Mon opinion a toujours été que les limites du pouvoir du gouvernement pourraient être déterminées de la meilleure manière par mes droits en tant qu'individu. Ainsi, si j'ai le droit de faire quelque chose, j'ai alors le droit de demander à quelqu'un du gouvernement de le faire à ma place. Mais si je n'ai pas le droit de faire quelque chose, alors je n'ai pas le droit de demander à un fonctionnaire de le faire pour moi.

En conséquence, si je n'ai pas le droit d'interdire à un immigrant de poser le pied sur un trottoir public, je n'ai nullement le droit de demander au gouvernement de faire ce sale travail à ma place. Comment se fait-il alors, que les partisans du « sur invitation uniquement » s'autorisent à demander aux fonctionnaires du gouvernement de faire quelque chose qu'ils n'ont pas le droit de faire eux-mêmes ?

Alors qu'on peut considérer comme « réaliste » d'accepter le niveau actuel de services gouvernementaux et d'infrastructures, ce n'est pas très libéral que de concevoir des moyens pour aider le gouvernement à maintenir et à étendre ces services et ces infrastructures. Et il est certainement irréaliste de déterminer la dette individuelle d'un immigrant pour tous ces projets gouvernementaux, qu'ils soient des « avantages publics » ou bien des « désavantages publics ».

Il est intéressant de remarquer que cette dette individuelle vis-à-vis du gouvernement n'a jamais été appliquée jusqu'ici aux touristes, hommes d'affaires, et universitaires qui se déplacent à des congrès ! On suppose que les touristes, les hommes d'affaires et les universitaires apporteront de la richesse avec eux. On ne le suppose pas quand il s'agit d'immigrants.

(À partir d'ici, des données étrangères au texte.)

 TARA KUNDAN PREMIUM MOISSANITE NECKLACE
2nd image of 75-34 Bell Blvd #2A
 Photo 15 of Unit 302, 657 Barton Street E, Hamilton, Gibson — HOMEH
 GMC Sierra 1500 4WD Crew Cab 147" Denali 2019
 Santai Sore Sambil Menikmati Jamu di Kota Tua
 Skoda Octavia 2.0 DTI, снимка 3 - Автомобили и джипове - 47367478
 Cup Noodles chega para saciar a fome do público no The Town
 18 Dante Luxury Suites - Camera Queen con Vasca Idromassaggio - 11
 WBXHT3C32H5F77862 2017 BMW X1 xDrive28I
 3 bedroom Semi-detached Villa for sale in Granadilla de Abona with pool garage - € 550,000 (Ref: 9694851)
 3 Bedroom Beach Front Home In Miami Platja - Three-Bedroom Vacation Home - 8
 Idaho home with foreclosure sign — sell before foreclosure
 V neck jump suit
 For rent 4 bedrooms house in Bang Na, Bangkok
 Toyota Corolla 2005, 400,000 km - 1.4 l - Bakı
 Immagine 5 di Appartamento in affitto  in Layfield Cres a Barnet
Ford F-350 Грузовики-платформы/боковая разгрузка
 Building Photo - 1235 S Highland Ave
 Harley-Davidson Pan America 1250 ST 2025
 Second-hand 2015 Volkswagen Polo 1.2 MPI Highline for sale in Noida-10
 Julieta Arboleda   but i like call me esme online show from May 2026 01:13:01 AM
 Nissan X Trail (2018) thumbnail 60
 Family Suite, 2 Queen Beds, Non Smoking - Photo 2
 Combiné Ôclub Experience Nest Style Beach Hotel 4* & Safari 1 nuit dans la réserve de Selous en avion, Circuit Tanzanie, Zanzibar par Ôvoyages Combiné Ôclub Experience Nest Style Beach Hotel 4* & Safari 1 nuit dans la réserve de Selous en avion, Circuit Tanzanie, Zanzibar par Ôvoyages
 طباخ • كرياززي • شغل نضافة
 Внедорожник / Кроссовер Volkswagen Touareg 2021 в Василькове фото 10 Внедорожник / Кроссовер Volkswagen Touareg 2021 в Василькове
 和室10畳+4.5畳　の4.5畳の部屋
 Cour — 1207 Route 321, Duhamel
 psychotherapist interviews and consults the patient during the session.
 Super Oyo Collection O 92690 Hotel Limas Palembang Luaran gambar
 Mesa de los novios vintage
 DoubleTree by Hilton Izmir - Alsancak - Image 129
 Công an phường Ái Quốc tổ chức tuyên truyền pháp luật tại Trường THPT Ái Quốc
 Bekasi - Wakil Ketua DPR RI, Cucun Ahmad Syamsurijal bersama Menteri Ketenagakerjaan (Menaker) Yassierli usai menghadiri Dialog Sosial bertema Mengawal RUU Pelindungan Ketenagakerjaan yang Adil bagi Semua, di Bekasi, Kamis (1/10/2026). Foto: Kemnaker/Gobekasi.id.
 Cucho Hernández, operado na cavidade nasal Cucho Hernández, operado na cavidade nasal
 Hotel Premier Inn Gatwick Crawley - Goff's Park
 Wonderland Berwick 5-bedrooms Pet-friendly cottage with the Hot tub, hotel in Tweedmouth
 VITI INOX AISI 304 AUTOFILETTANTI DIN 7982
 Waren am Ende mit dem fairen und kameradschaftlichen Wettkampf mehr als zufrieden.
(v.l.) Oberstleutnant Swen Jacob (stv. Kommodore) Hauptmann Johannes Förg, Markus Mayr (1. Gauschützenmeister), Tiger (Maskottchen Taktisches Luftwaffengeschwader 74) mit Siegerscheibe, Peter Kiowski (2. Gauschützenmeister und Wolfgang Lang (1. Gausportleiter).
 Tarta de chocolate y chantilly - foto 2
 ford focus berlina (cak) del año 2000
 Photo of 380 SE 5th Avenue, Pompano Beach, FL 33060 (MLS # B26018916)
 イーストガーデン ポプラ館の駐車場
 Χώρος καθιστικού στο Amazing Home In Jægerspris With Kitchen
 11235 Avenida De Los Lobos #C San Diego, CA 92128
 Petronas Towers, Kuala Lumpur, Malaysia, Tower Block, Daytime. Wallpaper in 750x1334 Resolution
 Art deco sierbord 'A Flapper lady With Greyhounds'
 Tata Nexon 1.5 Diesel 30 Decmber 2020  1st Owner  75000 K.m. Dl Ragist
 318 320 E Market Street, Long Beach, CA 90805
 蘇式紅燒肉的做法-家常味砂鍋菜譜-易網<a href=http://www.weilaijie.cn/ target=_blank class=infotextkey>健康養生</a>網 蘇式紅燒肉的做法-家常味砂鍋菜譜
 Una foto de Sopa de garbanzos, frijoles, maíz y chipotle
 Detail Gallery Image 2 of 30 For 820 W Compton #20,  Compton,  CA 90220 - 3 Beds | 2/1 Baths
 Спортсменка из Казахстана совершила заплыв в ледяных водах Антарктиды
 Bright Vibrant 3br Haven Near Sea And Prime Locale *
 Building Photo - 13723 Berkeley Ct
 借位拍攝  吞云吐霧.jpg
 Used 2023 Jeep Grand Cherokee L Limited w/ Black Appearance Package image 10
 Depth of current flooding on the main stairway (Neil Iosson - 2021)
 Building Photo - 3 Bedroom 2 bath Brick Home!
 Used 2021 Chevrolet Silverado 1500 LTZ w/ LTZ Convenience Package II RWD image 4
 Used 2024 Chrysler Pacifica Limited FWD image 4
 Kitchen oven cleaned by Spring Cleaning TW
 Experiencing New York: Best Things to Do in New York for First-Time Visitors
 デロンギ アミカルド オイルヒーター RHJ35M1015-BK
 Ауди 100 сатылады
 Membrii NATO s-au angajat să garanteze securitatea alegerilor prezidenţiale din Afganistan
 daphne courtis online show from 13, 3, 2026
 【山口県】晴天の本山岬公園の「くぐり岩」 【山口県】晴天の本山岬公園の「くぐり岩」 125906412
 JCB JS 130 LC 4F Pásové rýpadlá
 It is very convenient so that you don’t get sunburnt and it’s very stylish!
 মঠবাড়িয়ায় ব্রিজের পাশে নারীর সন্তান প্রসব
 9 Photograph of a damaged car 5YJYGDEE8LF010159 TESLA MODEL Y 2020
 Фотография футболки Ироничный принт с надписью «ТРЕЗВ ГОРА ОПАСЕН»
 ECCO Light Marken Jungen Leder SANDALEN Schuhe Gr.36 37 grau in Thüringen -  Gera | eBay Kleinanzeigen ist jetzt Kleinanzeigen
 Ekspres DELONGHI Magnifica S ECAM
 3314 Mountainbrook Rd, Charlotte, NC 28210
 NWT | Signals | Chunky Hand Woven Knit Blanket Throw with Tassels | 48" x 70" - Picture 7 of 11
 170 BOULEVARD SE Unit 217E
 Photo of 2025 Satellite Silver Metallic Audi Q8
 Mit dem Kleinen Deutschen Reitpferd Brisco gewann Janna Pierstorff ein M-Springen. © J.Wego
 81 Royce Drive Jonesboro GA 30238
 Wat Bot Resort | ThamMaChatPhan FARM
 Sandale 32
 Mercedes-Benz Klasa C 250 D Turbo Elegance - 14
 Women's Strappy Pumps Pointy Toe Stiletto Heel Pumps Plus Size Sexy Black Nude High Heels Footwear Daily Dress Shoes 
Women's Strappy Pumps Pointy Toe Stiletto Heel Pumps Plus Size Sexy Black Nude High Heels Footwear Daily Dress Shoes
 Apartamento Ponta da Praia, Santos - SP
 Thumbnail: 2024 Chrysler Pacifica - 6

Si nous voulons être cohérents envers tous les nouveaux-arrivants, serait-il « réaliste » d'imposer aux touristes, aux hommes d'affaires, aux universitaires les mêmes contraintes ? Imaginer que l'on demande aux Hotels Hilton ou à Disneyland de signer des papiers garantissant leur responsabilité complète pour les services gouvernementaux et les infrastructures qui seraient utilisés par chacun de ces millions de touristes.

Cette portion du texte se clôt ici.